*** Opening of Supplied information ***

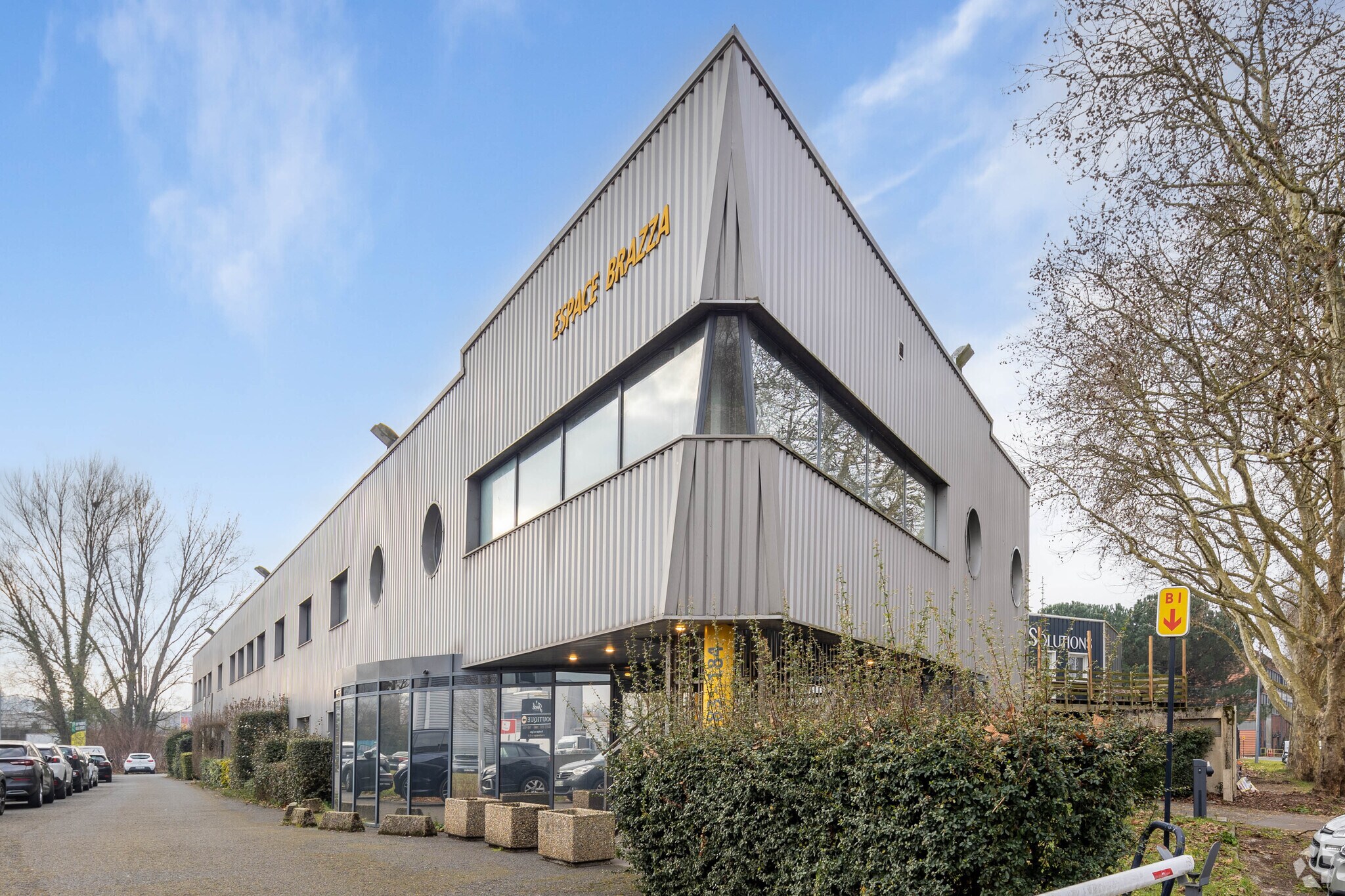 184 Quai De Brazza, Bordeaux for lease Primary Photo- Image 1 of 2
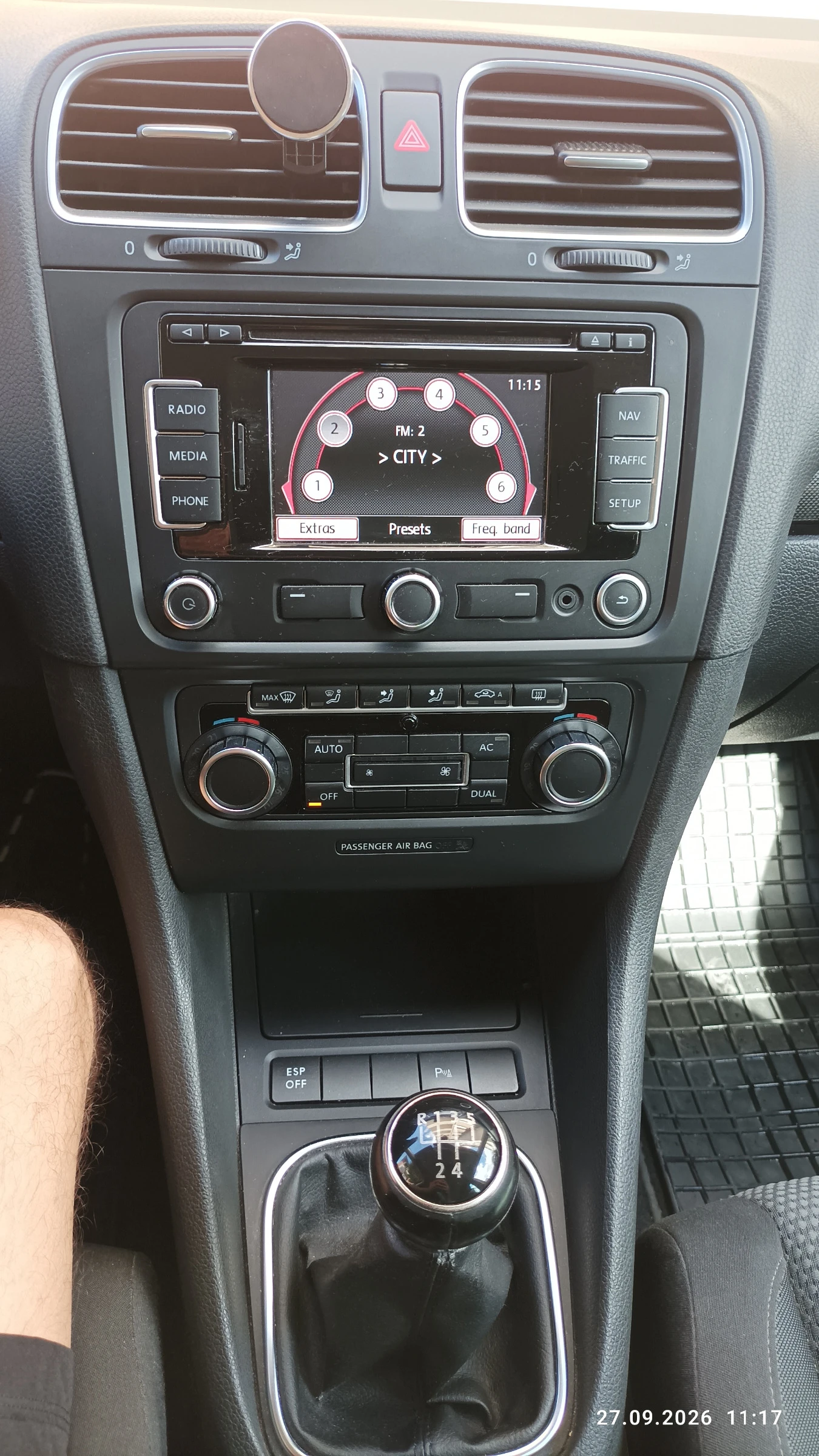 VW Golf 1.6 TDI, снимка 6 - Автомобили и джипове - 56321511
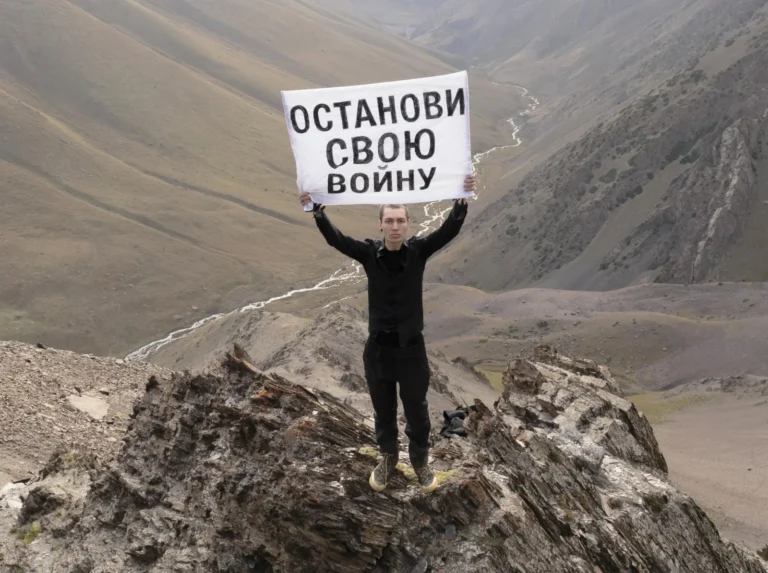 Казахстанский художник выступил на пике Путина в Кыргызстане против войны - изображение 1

*** Close of Supplied information ***

* **Exercise objective**
Skipping the pictures, transcribe each line above exactly as it appears.

* **Task response**
 184 Quai De Brazza, Bordeaux for lease Primary Photo- Image 1 of 2
 VW Golf 1.6 TDI, снимка 6 - Автомобили и джипове - 56321511
 Казахстанский художник выступил на пике Путина в Кыргызстане против войны - изображение 1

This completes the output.